• TO DO
With the pictures excluded, reproduce all of the data exactly.

• MATERIAL PROVIDED
# # # # # # #
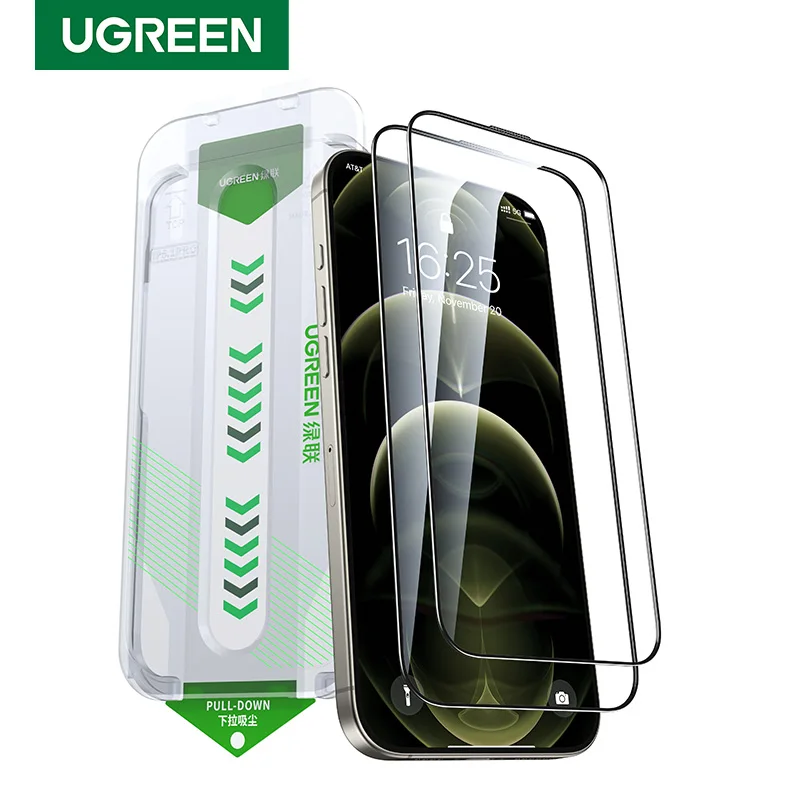 UGREEN 2PCS Automatische Staub-freies Screen Protector Für iPhone 17 Pro Max Gehärtetes Glas Für iPhone 17 16
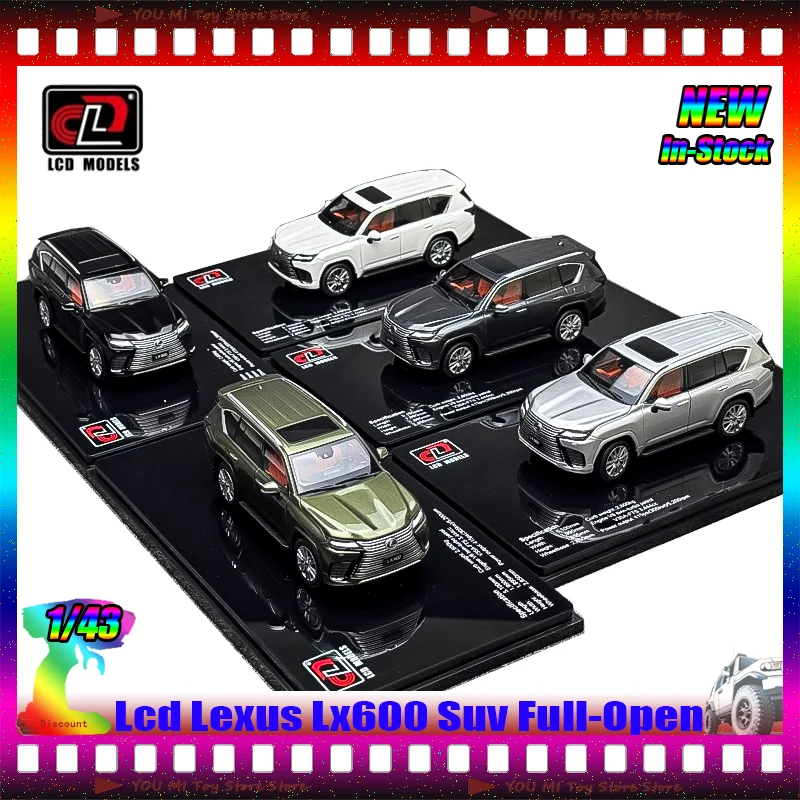 

Новый Lexus Lx600 Suv, масштаб 1:43, литая под давлением модель, миниатюрный автомобиль из полностью открытого сплава, индивидуальная коллекция игрушек, подарочный орнамент для детей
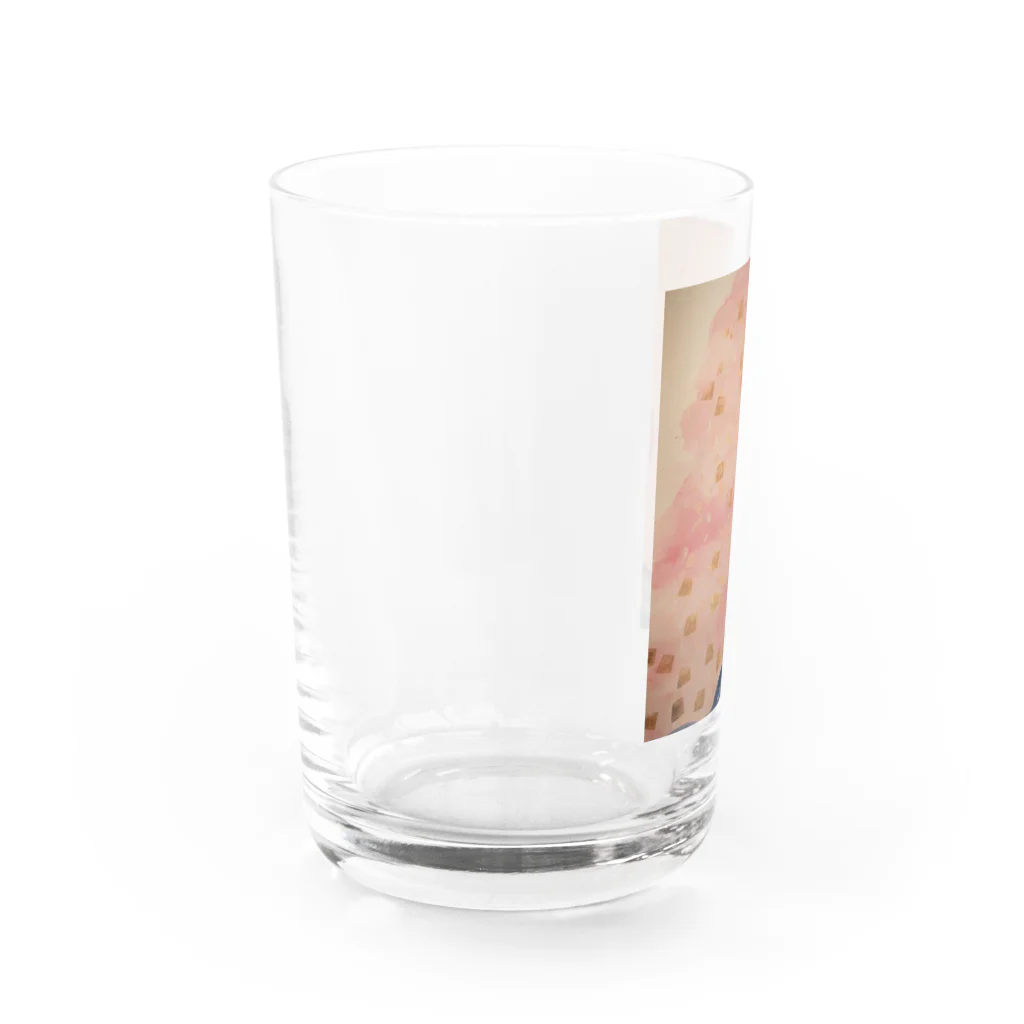 夏休みの夕焼けきらきら Water Glass :left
# # # # # # #
• SOLUTION BELOW
 UGREEN 2PCS Automatische Staub-freies Screen Protector Für iPhone 17 Pro Max Gehärtetes Glas Für iPhone 17 16

Новый Lexus Lx600 Suv, масштаб 1:43, литая под давлением модель, миниатюрный автомобиль из полностью открытого сплава, индивидуальная коллекция игрушек, подарочный орнамент для детей
 夏休みの夕焼けきらきら Water Glass :left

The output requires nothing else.